- _WORK INSTRUCTIONS_
Using the material below, set down only the line containing "Easy Wear by" and the lines after it, unchanged.

- _DATASET EXCERPT_
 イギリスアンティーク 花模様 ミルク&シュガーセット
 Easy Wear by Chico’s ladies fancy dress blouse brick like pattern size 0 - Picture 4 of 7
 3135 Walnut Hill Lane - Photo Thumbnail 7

- _ANSWER SECTION_
 Easy Wear by Chico’s ladies fancy dress blouse brick like pattern size 0 - Picture 4 of 7
 3135 Walnut Hill Lane - Photo Thumbnail 7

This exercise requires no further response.